Un homme participe à une manifestation organisée par l'Ofpra pour contester la loi immigration, le 21 février 2018 (photo d'illustration)

Un homme participe à une manifestation organisée par l'Ofpra pour contester la loi immigration, le 21 février 2018 (photo d'illustration) - Stephane de Sakutin / AFP

L'agence chargée de délivrer le statut de réfugié, a annoncé ce mercredi que la liste des pays d'origine dits "sûrs" ne sera pas modifiée. Plusieurs associations appelaient à la prise en compte des risquées liés aux orientations sexuelles des demandeurs.

La liste des pays d'origine dits "sûrs", inchangée depuis octobre 2015, ne sera pas modifiée, a annoncé l'Ofpra (Office français de protection des réfugiés et apatrides), l'agence chargée de délivrer le statut de réfugié, ce mercredi, jour des annonces gouvernementales sur l'immigration. Et ce malgré les demandes de révision de plusieurs organisations, notamment en raison des risques liés aux orientations sexuelles.

La demande d'asile en provenance de ces pays inquiète particulièrement le gouvernement, qui pointe du doigt depuis plusieurs mois les flux migratoires en forte hausse venant particulièrement de la Géorgie et de l'Albanie, et qui alimentent selon l'exécutif un "tourisme médical".

Un réexamen du cas du Bénin dans six mois

Plusieurs associations, notamment celles ayant "pour objet la défense des droits des personnes à raison de leur orientation sexuelle", ont demandé une révision de cette liste pour que des migrants LGBT provenant de certains pays puissent bénéficier plus facilement d'une protection française, a reconnu l'Ofpra. Ce dernier a d'ailleurs appelé, dans son communiqué, "à une vigilance particulière s'agissant de la situation des personnes soumises à des risques en raison de leur orientation sexuelle".
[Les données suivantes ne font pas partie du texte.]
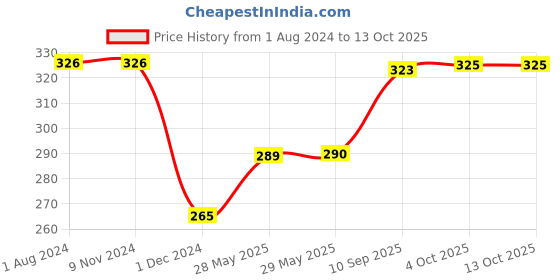 firstcry.com GrapplerTodd Premium Flashcards Combo Flowers & Insects Pack of 2 - 48 cards grapplertodd Price History Graph from 1 Aug 2024 to 13 Oct 2025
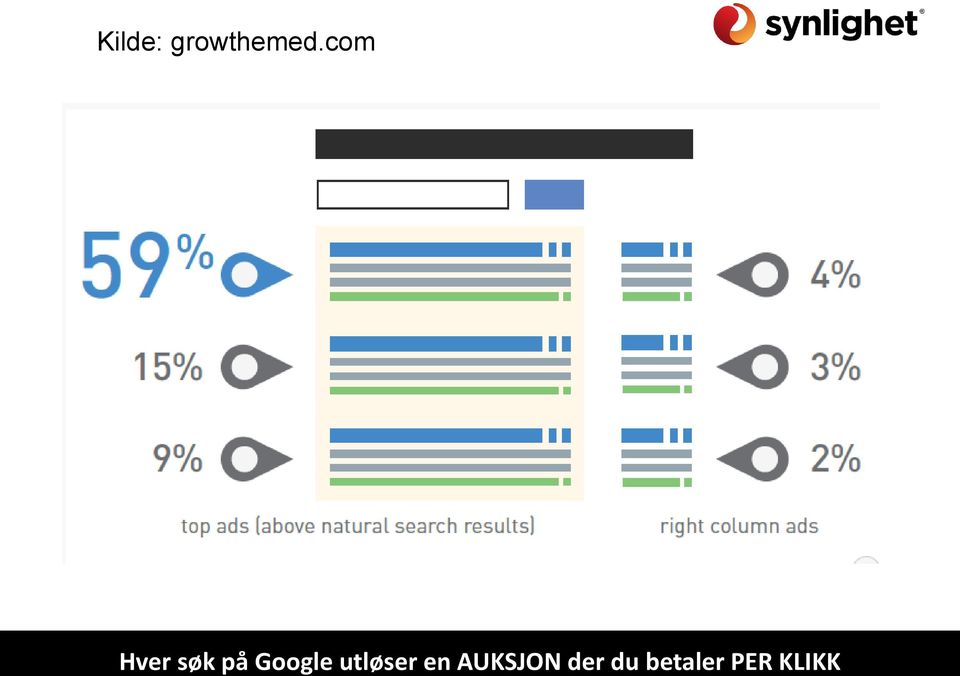 Google utløser en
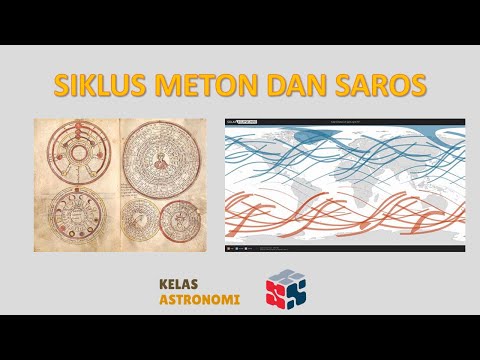 Siklus Meton dan Siklus Saros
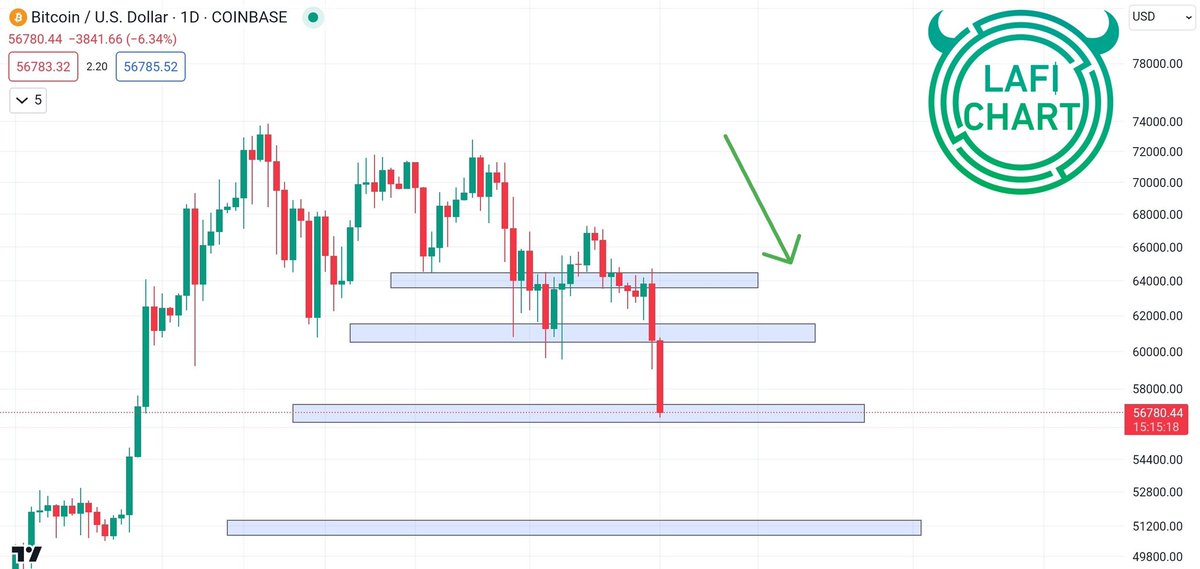 #BTC  👇🔥

المنطقة الثالثة 🎯
المنطقة الثانيه مكرر 🎯

64000 ✅️
61000 ✅️
56700 ✅️
51000

نكتفي بالتشارت قبل و بعد من دون تفاصيل لان تم التنبيه كثييير الفترة الماضية 🤝🫡

#البتكوين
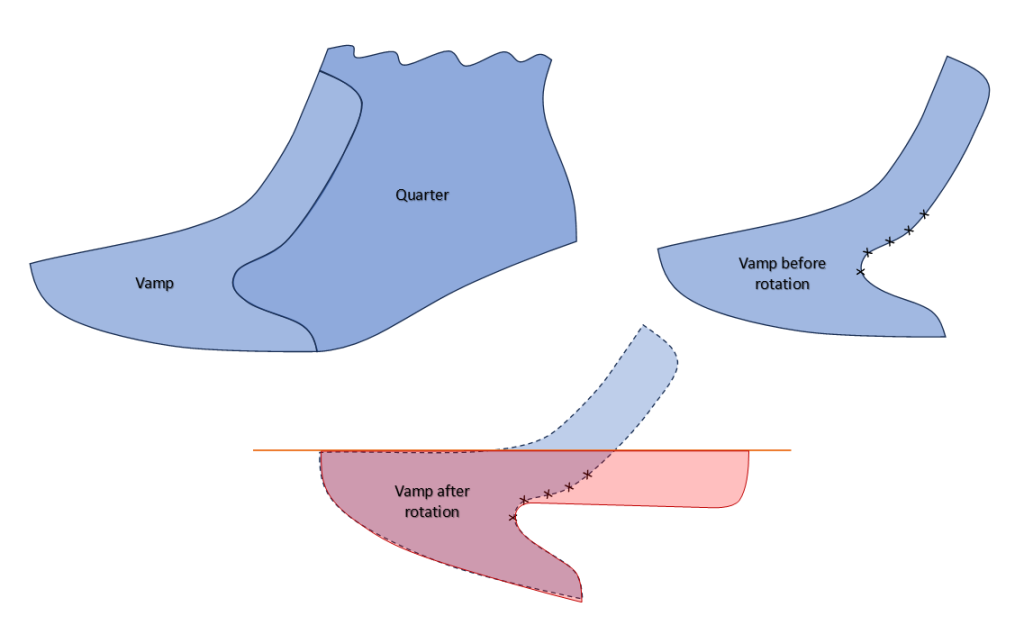 Boot Pattern Modelling technique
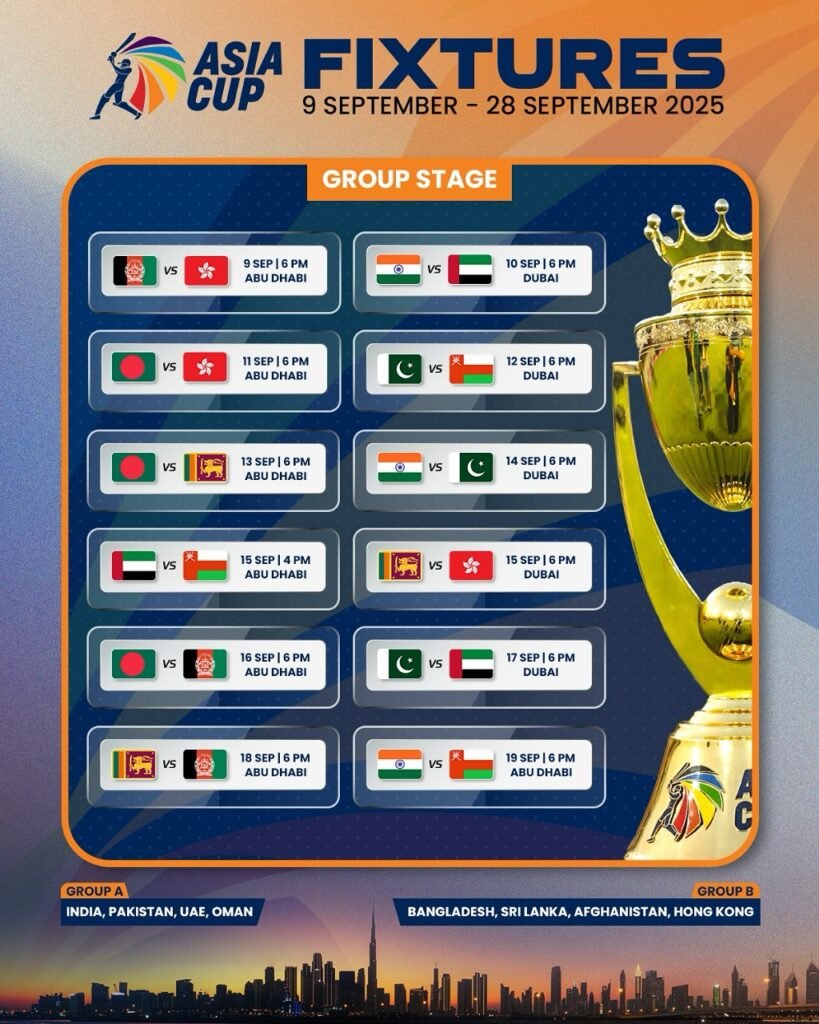 Asia Cup 2025 Venues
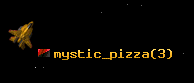 mystic_pizza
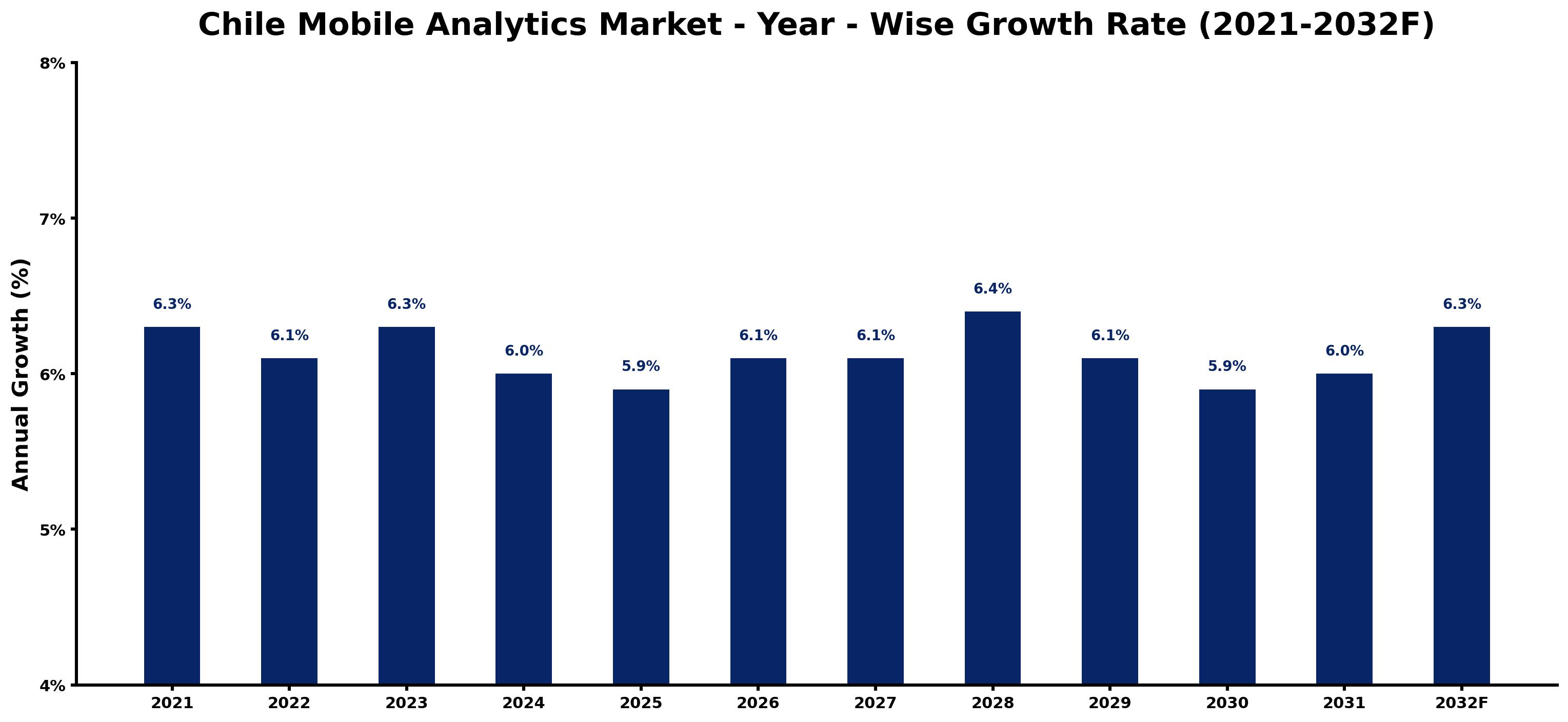 Chile Mobile Analytics Market Year-wise Growth Rate and Key Drivers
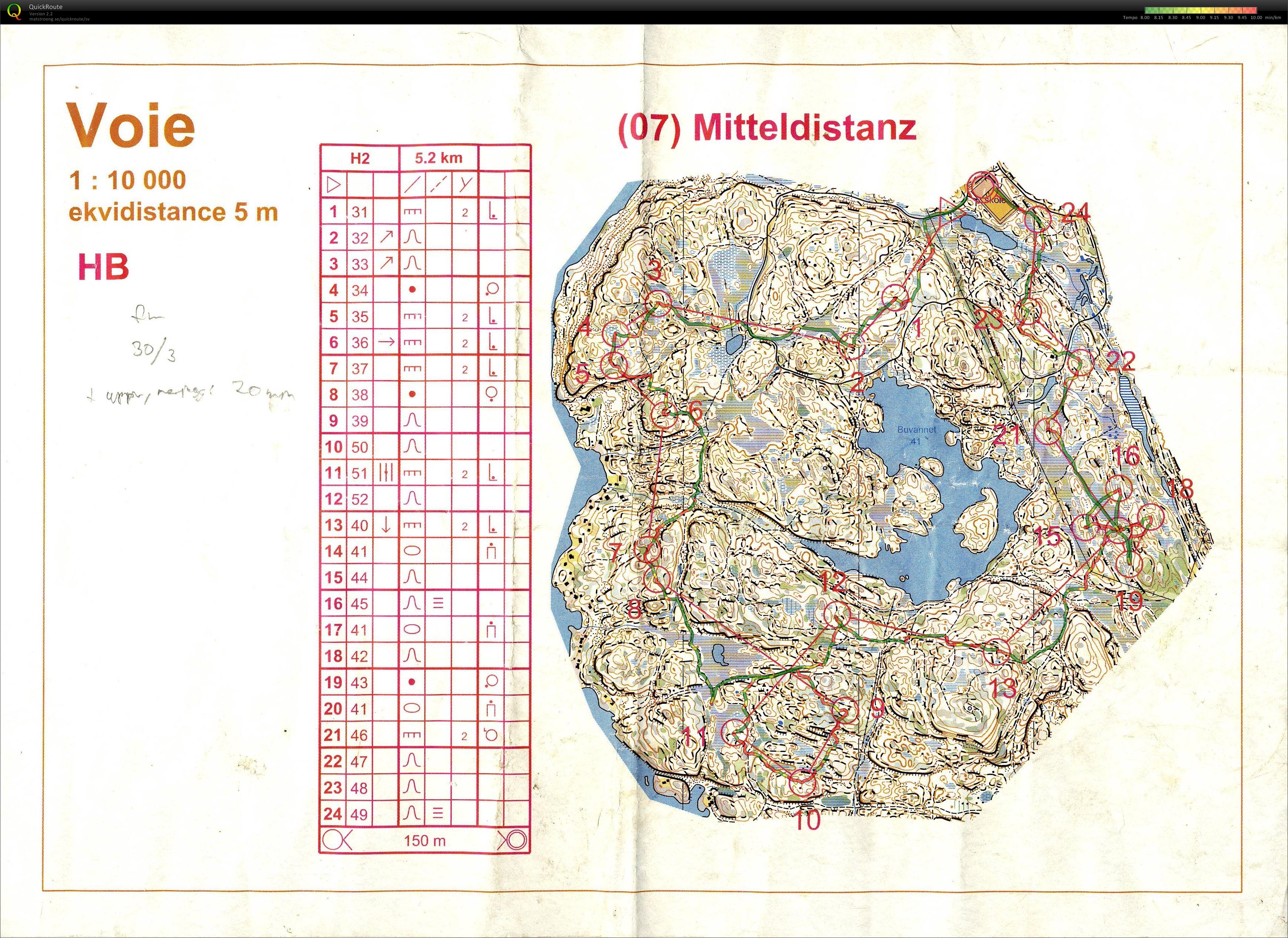 Medeldistans (30-03-2010)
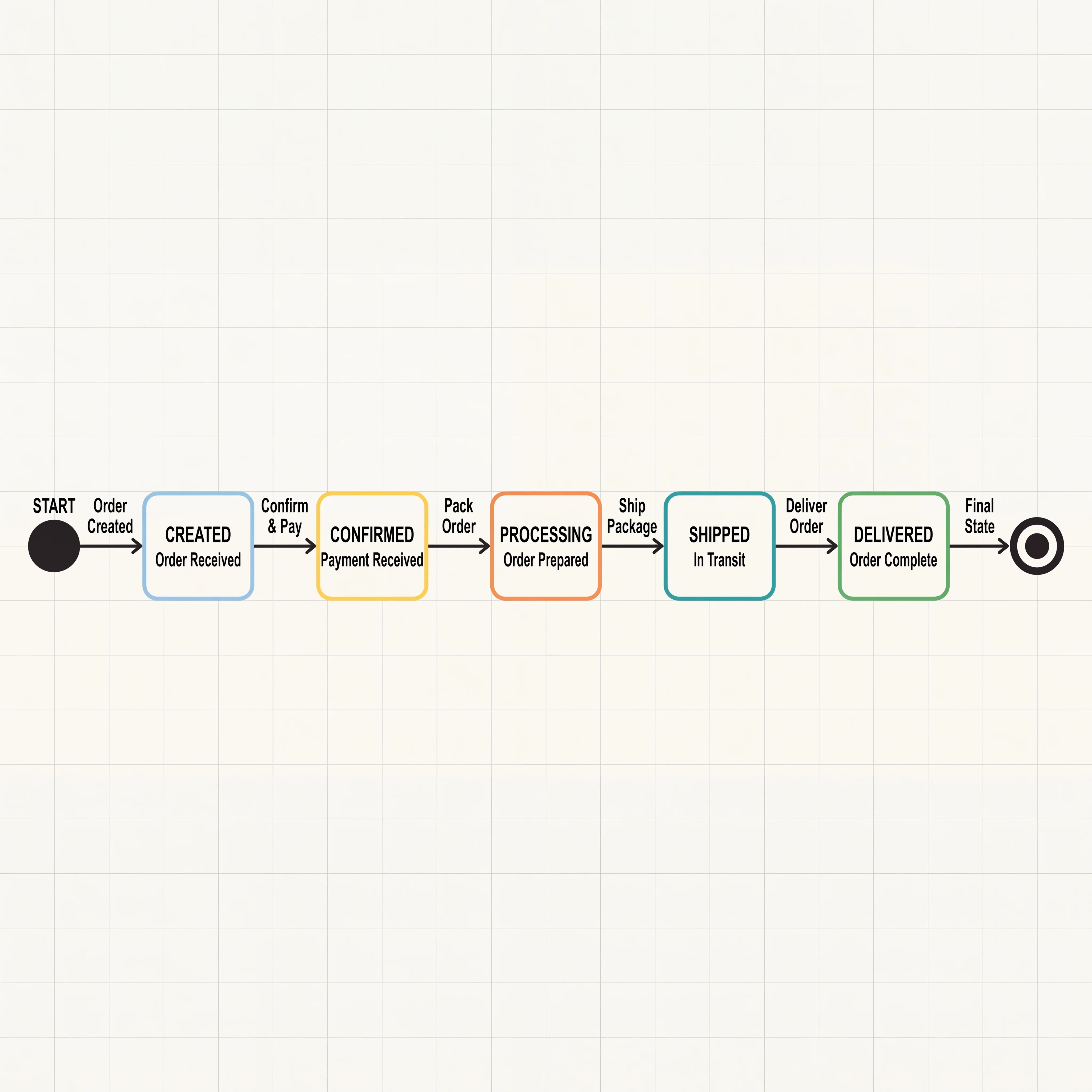 2D minimalistic state diagram showing five rounded rectangles connected by labeled arrows, with a filled circle as the start state and a bull's-eye as the end state, representing an order lifecycle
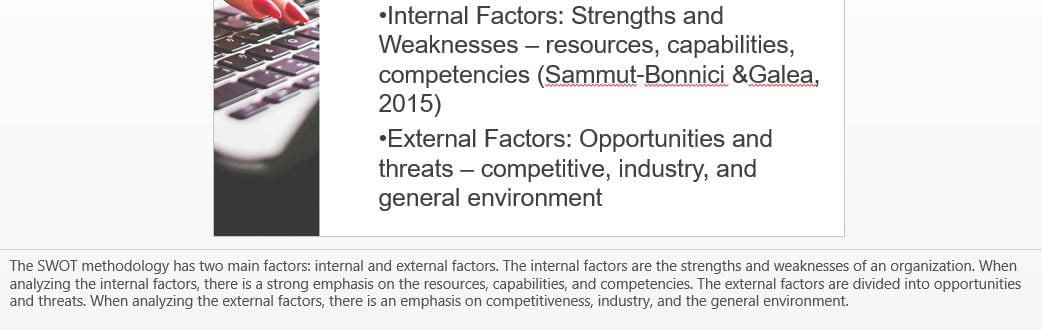 Develop an 8-10 slide presentation explaining key aspects of SWOT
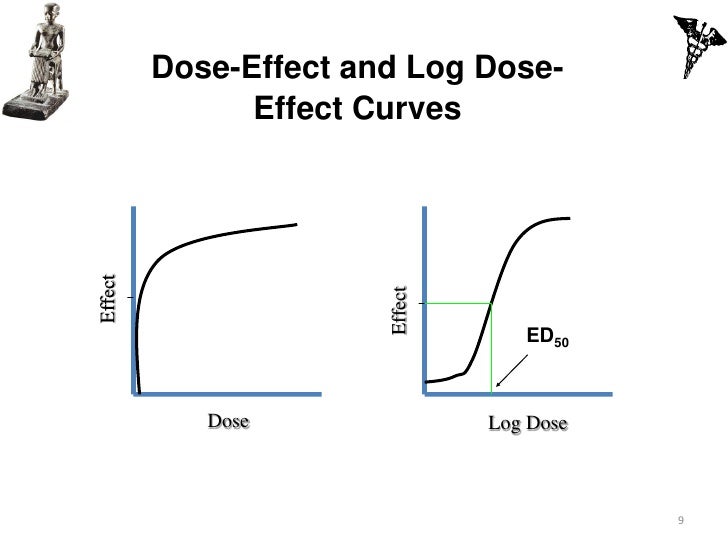 graded dose response curve slideshare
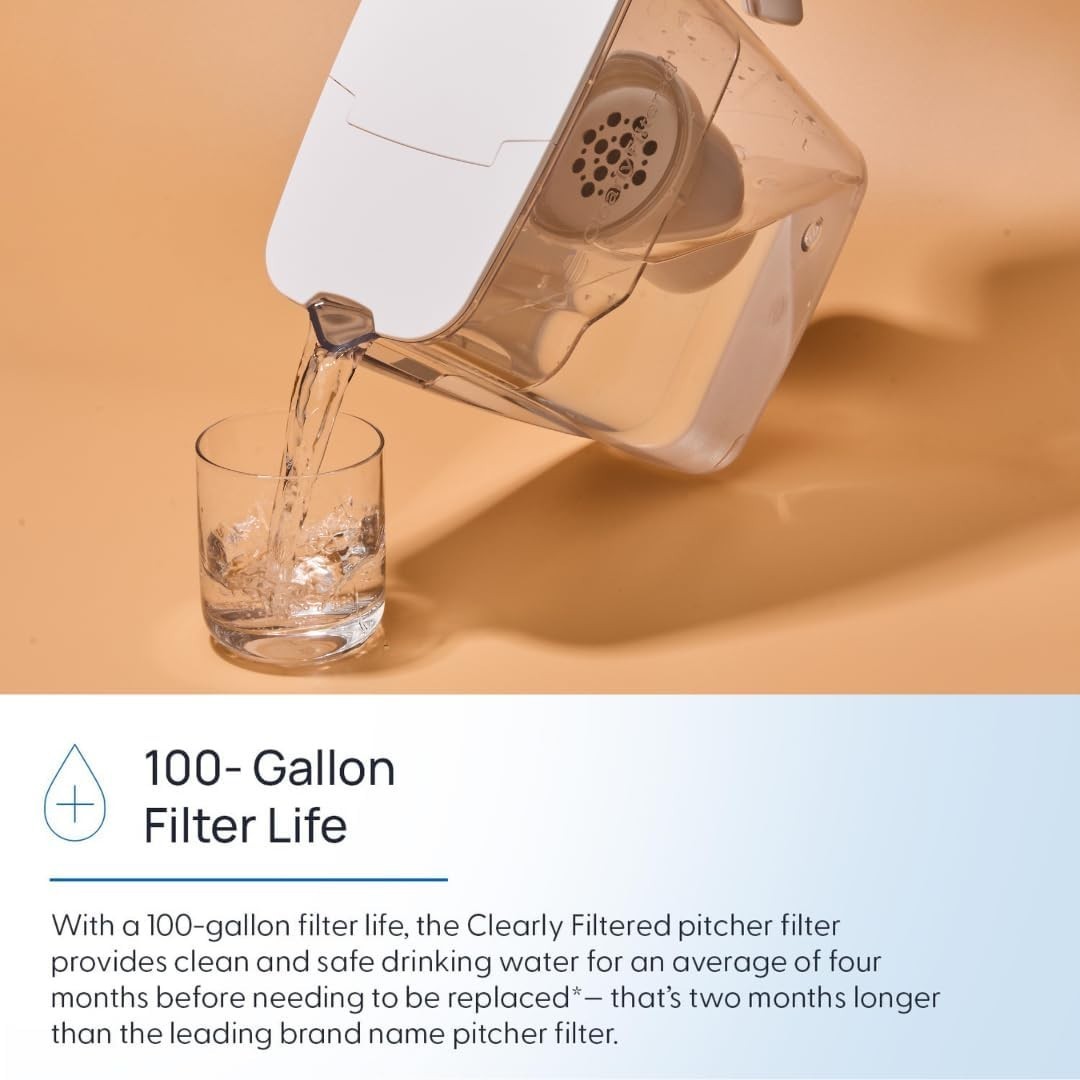 3 Pack Water Pitcher Replacement Filters 3 Pack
Seul le cas du Bénin a semblé poser question à l'Office, dont le conseil d'administration a décidé "de procéder au réexamen de son inscription à l'issue d'une période de six mois". Le gouvernement a dénoncé, à l'occasion du débat parlementaire sur l'immigration, un "dévoiement" de la demande d'asile par les personnes originaires de pays "sûrs".